((

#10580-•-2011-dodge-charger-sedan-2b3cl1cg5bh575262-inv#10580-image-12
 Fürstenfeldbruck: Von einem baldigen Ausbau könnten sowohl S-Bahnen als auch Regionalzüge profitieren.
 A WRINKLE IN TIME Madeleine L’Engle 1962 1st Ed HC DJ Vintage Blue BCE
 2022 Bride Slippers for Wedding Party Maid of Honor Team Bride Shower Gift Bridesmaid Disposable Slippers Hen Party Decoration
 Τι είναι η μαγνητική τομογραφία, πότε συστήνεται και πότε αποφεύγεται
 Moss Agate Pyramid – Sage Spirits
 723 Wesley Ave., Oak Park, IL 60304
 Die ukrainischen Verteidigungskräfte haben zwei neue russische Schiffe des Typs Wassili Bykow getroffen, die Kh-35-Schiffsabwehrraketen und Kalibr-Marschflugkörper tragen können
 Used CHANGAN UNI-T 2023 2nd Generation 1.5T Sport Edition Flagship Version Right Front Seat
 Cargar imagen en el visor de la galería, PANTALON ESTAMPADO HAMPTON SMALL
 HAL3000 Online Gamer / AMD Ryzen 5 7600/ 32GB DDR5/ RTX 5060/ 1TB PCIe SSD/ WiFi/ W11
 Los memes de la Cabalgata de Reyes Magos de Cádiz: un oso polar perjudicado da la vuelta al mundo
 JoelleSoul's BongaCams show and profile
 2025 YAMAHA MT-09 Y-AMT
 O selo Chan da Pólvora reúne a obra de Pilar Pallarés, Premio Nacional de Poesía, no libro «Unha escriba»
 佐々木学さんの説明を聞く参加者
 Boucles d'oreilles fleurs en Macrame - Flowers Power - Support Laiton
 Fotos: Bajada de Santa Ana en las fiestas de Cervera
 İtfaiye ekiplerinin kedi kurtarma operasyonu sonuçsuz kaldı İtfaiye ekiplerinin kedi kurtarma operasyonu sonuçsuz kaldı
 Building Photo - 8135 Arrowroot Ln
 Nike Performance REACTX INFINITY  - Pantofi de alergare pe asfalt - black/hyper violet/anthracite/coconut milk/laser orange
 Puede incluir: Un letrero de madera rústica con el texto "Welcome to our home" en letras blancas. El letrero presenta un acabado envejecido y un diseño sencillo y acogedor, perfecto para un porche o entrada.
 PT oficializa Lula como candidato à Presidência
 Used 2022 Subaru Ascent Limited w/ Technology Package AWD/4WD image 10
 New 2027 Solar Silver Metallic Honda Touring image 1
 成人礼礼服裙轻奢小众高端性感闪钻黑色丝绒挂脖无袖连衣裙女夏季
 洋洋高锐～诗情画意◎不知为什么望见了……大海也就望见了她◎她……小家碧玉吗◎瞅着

))

# TASK PROMPT
The data above should be returned exactly as written.

# YOUR RESPONSE
#10580-•-2011-dodge-charger-sedan-2b3cl1cg5bh575262-inv#10580-image-12
 Fürstenfeldbruck: Von einem baldigen Ausbau könnten sowohl S-Bahnen als auch Regionalzüge profitieren.
 A WRINKLE IN TIME Madeleine L’Engle 1962 1st Ed HC DJ Vintage Blue BCE
 2022 Bride Slippers for Wedding Party Maid of Honor Team Bride Shower Gift Bridesmaid Disposable Slippers Hen Party Decoration
 Τι είναι η μαγνητική τομογραφία, πότε συστήνεται και πότε αποφεύγεται
 Moss Agate Pyramid – Sage Spirits
 723 Wesley Ave., Oak Park, IL 60304
 Die ukrainischen Verteidigungskräfte haben zwei neue russische Schiffe des Typs Wassili Bykow getroffen, die Kh-35-Schiffsabwehrraketen und Kalibr-Marschflugkörper tragen können
 Used CHANGAN UNI-T 2023 2nd Generation 1.5T Sport Edition Flagship Version Right Front Seat
 Cargar imagen en el visor de la galería, PANTALON ESTAMPADO HAMPTON SMALL
 HAL3000 Online Gamer / AMD Ryzen 5 7600/ 32GB DDR5/ RTX 5060/ 1TB PCIe SSD/ WiFi/ W11
 Los memes de la Cabalgata de Reyes Magos de Cádiz: un oso polar perjudicado da la vuelta al mundo
 JoelleSoul's BongaCams show and profile
 2025 YAMAHA MT-09 Y-AMT
 O selo Chan da Pólvora reúne a obra de Pilar Pallarés, Premio Nacional de Poesía, no libro «Unha escriba»
 佐々木学さんの説明を聞く参加者
 Boucles d'oreilles fleurs en Macrame - Flowers Power - Support Laiton
 Fotos: Bajada de Santa Ana en las fiestas de Cervera
 İtfaiye ekiplerinin kedi kurtarma operasyonu sonuçsuz kaldı İtfaiye ekiplerinin kedi kurtarma operasyonu sonuçsuz kaldı
 Building Photo - 8135 Arrowroot Ln
 Nike Performance REACTX INFINITY  - Pantofi de alergare pe asfalt - black/hyper violet/anthracite/coconut milk/laser orange
 Puede incluir: Un letrero de madera rústica con el texto "Welcome to our home" en letras blancas. El letrero presenta un acabado envejecido y un diseño sencillo y acogedor, perfecto para un porche o entrada.
 PT oficializa Lula como candidato à Presidência
 Used 2022 Subaru Ascent Limited w/ Technology Package AWD/4WD image 10
 New 2027 Solar Silver Metallic Honda Touring image 1
 成人礼礼服裙轻奢小众高端性感闪钻黑色丝绒挂脖无袖连衣裙女夏季
 洋洋高锐～诗情画意◎不知为什么望见了……大海也就望见了她◎她……小家碧玉吗◎瞅着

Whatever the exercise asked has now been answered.